Es precisamente en estos diarios [Sur, La Nación, Realidad, Los Anales de Buenos Aires] donde Rosa Chacel deja perfecta y prosaica constancia de las penurias económicas a las que la condenó el exilio, y que fueron una de las causas directas de que acabara dedicándose, como tantos otros intelectuales en su circunstancia, a la traducción11.

14Rosa Chacel commenta elle-même son activité de traductrice :

Me puse a anotar esto, con la idea de comentar la penosa caminata, a pleno sol, con zapatos detestables. Eso es lo que queda decir, no tengo por qué someterme a ese tormento: hay que comprar zapatos nuevos. ¿Puedo comprarlos?... Lo intentaré y aquí quedará apuntado – porque eso y solo eso es lo que tengo que apuntar. […] En resumen, tendré que aceptar alguna traducción, cosa enojosa, si no es voluntaria12.

15Le colombien Otto de Greiff (1903-1995), musicologue, poète, traducteur, professeur, ingénieur et journaliste publiera l’ouvrage Versiones poéticas (Instituto Colombiano de Cultura, Colcultura, 1975) composé de traductions de textes français (dix-sept poètes : Apollinaire, Mallarmé, Bonnard et José María de Heredia), allemands (vingt-deux poètes : Goethe, Schiller, Hölderlin, Heine, Rilke), anglais (cinq poètes : Shakespeare ou Coleridge), italiens (dix poètes : Agnelli, Vivaldi, Tasso, Boito) et suédois (Edda Trymskvida).
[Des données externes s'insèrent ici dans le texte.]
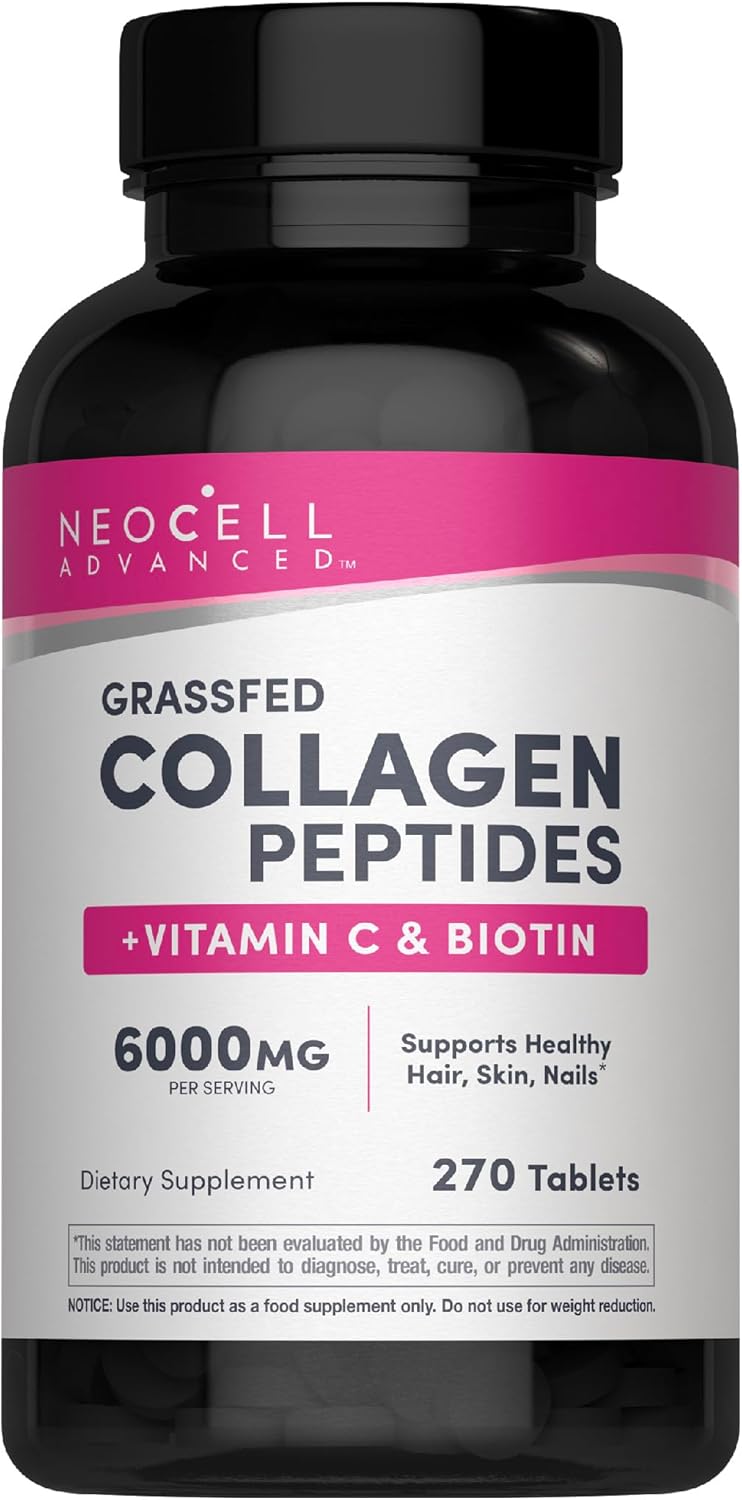 NeoCell Advanced Collagen Peptides | 270 Tablets | 6000mg | for Women and Men | with Vitamin C & Biotin | Non-GMO, Gluten & Soy Free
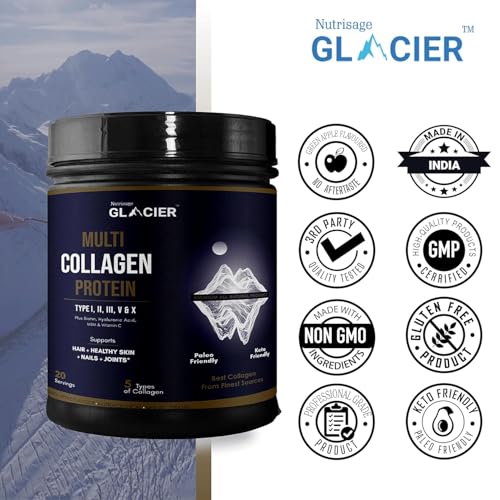 Image of Multi Collagen Peptides Powder -Easy to Dissolve - Type I, II, III, V, X - for Women & Men - Promotes Hair, Skin, Nails, & Joint Health-200 gm-pack of 2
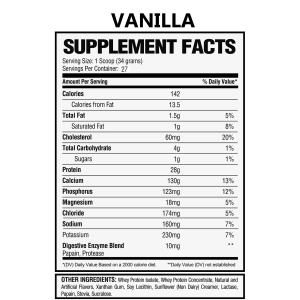 Supplement Facts for Alpha Nutrition Labs Whey Isolate Protein Vanilla Flavor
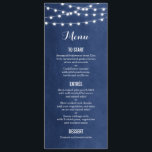 Blue String Lights Wedding Menu Card Menükarte<br><div class="desc">Moderne Hochzeitskarte mit schlichter, eleganter Linienleuchte, die über das Oberteil hängt und eine elegante Mischung aus modernen und kalligraphischen Script-Schriftart auf einem Imitat mit Aquarelltextur. Ein schlichtes und stilvolles Design, perfekt für den Sommer! Klicken Sie auf die Schaltfläche IT CUSTOMIZE, um Schriftart anzupassen, Text zu verschieben und Ihr eigenes einzigartiges...</div>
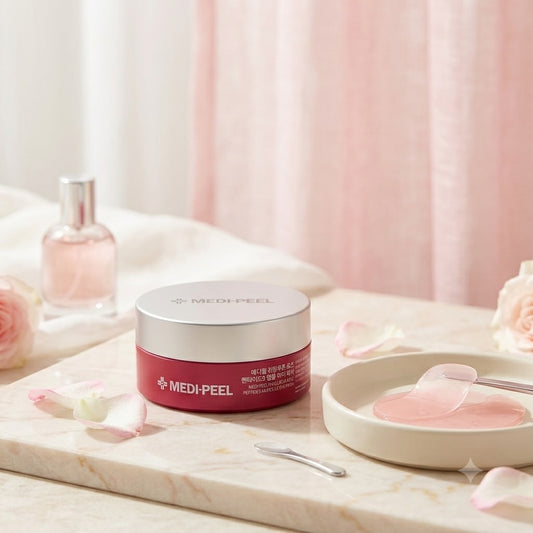 Medi-Peel Hyaluron Rose Peptide Eye Patch op een roze ondergrond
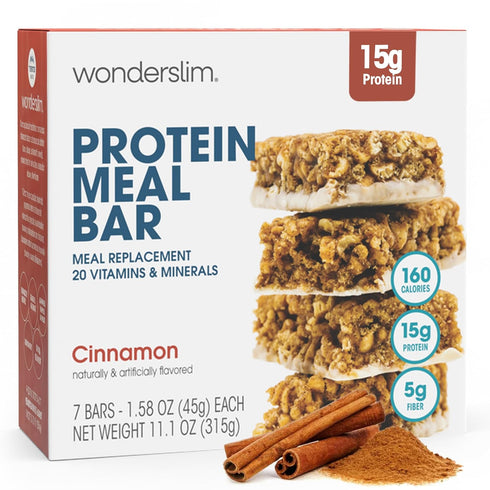 WonderSlim Meal Replacement Protein Bar, Cinnamon, 15g Protein, 20 Vitamins & Minerals,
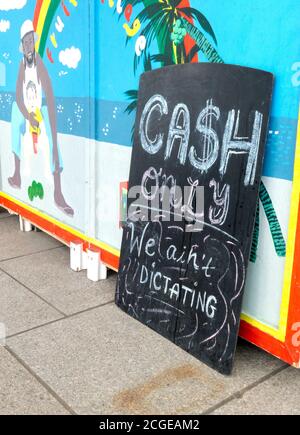 fun cash only outside traders in London during coronavirus movement, 2020 Stock Photo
Selon Alfredo Perea Díez, Otto de Grief a joué un rôle important dans la diffusion de la littérature étrangère en Colombie : « Sus traducciones del francés, el inglés, el italiano, y especialmente el alemán, Goethe, Heine, Schiller y Rilke, entre otros, han familiarizado a los colombianos con una poesía que si no fuera por él, no estaría a nuestro alcance »13.

16S’il n’est pas nécessaire de présenter le mexicain Octavio Paz (1914-1998), certaines de ses productions méritent d’être mentionnées : la traduction de Sendas de Oku de Matsuo Basho réalisée en collaboration avec Eikichi Hayashiya (1957) ; Antología de poemas de Fernando Pessoa (1962) ; Veinte poemas de William Carlos Williams (1973) ; Versiones y diversiones (1974), 15 poemas de Apollinaire (1979). Dans Traducción: literatura y literalidad, celui-ci commente le caractère éminemment créatif de la traduction :

No digo que la traducción literal sea imposible, sino que no es una traducción. Es una hilera de palabras, para ayudarnos a leer el texto en su lengua original. Algo más cerca del diccionario que de la traducción, que es siempre una operación literaria. En todos los casos, sin excluir aquellos en que solo es necesario traducir el sentido, como en las obras de ciencia, la traducción implica una transformación del original14.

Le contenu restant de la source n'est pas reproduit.